**RECORDS FOR THIS EXERCISE:**
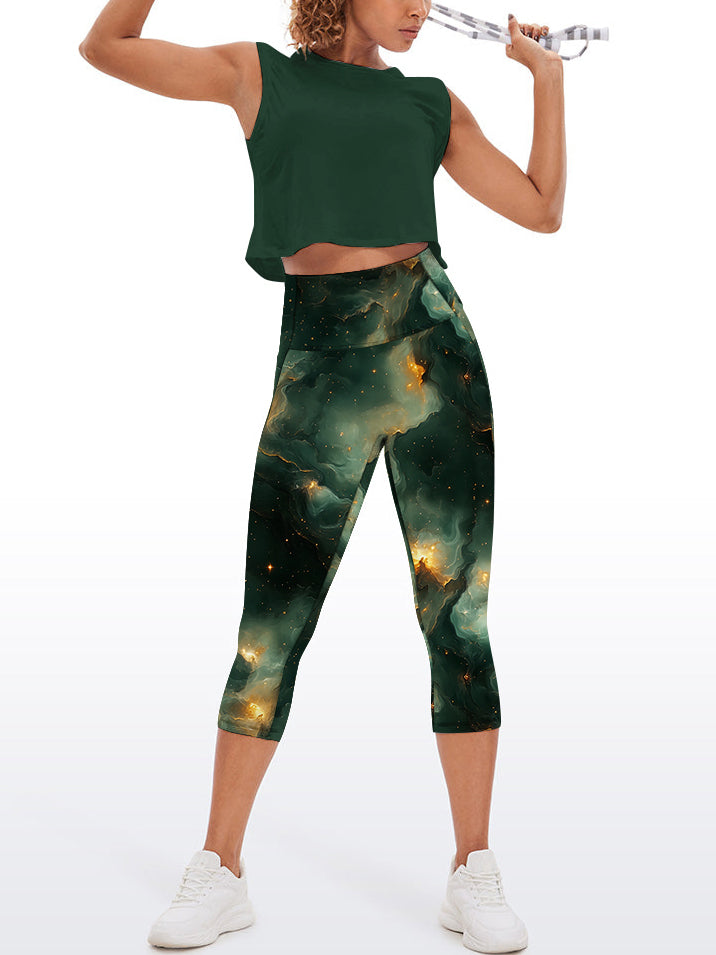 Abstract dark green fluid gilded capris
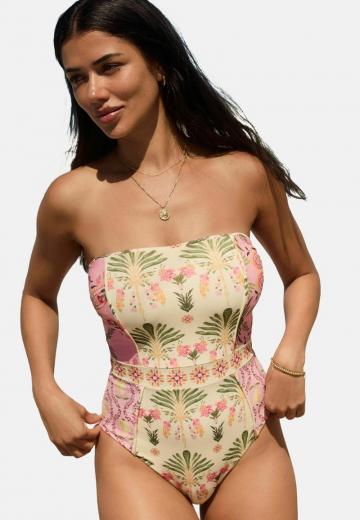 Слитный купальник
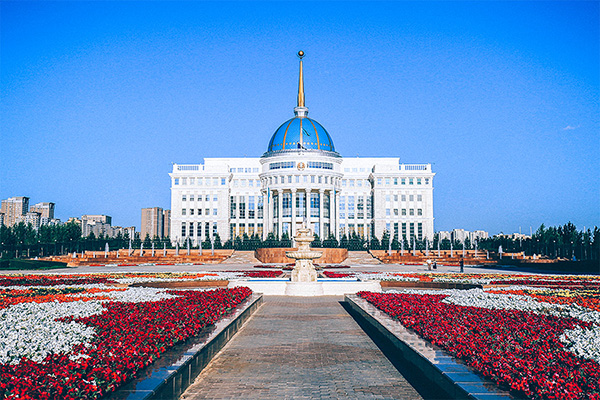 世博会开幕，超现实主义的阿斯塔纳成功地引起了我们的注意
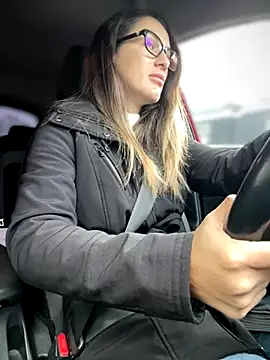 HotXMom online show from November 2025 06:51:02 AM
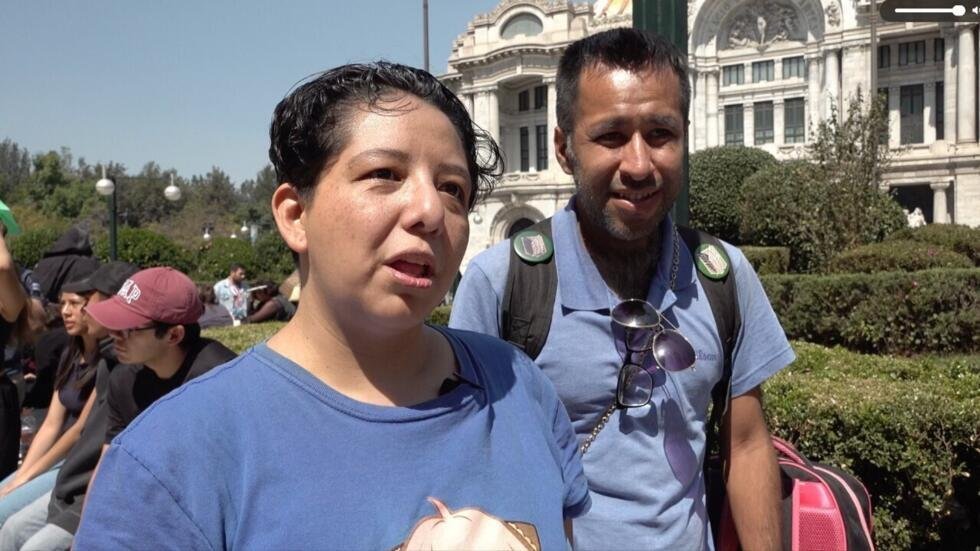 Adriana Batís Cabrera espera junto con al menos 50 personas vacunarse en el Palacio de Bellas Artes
==
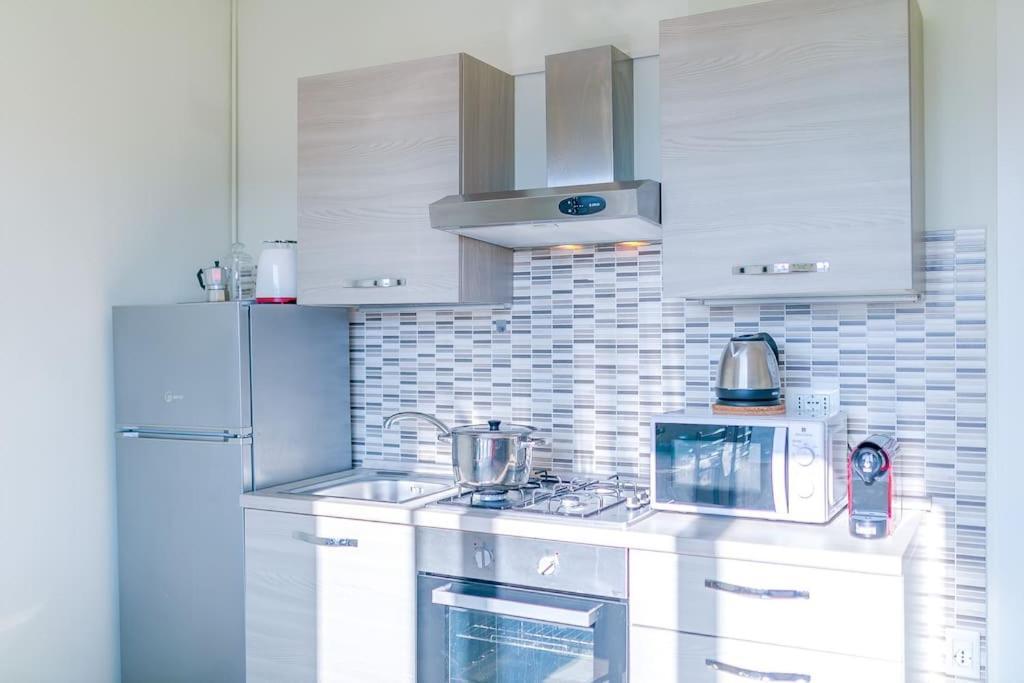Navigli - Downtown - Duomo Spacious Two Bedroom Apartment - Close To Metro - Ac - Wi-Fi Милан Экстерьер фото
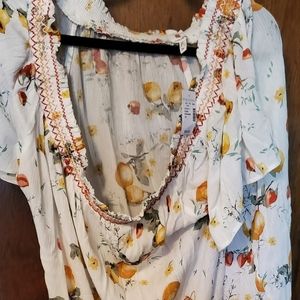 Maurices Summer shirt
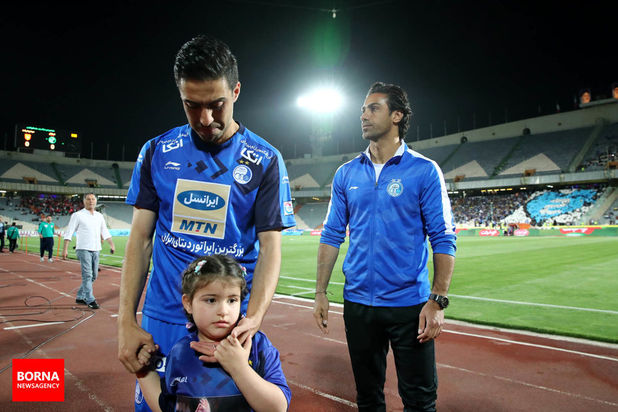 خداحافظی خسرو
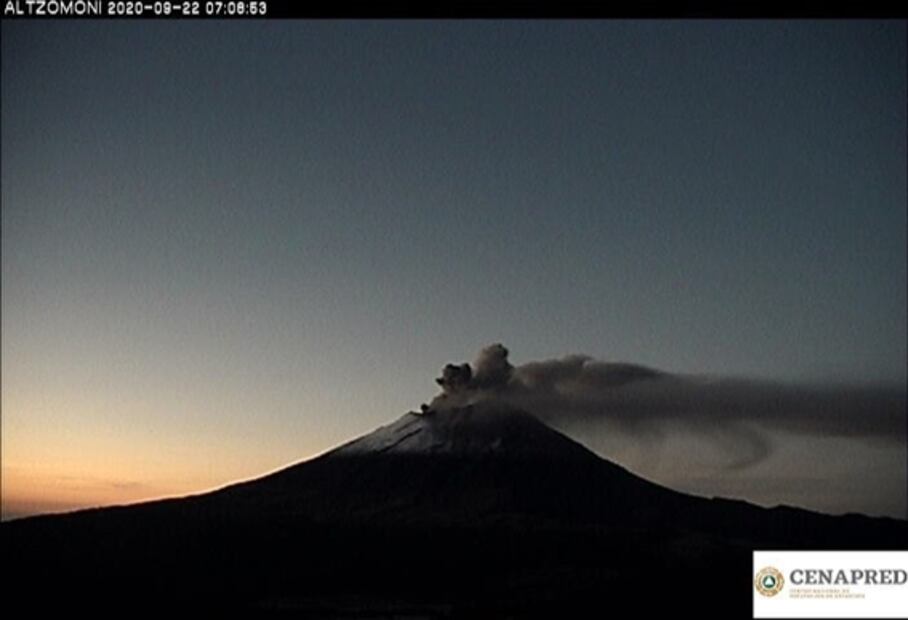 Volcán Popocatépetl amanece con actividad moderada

**PROBLEM STATEMENT:**
In the material above, the stretch from the line with "Abstract dark green fluid gilded capris" through the line with "Adriana Batís Cabrera" is to be given again exactly, minus the pictures.

**OUTPUT FOR THIS EXERCISE:**
 Abstract dark green fluid gilded capris
 Слитный купальник
 世博会开幕，超现实主义的阿斯塔纳成功地引起了我们的注意
 HotXMom online show from November 2025 06:51:02 AM
 Adriana Batís Cabrera espera junto con al menos 50 personas vacunarse en el Palacio de Bellas Artes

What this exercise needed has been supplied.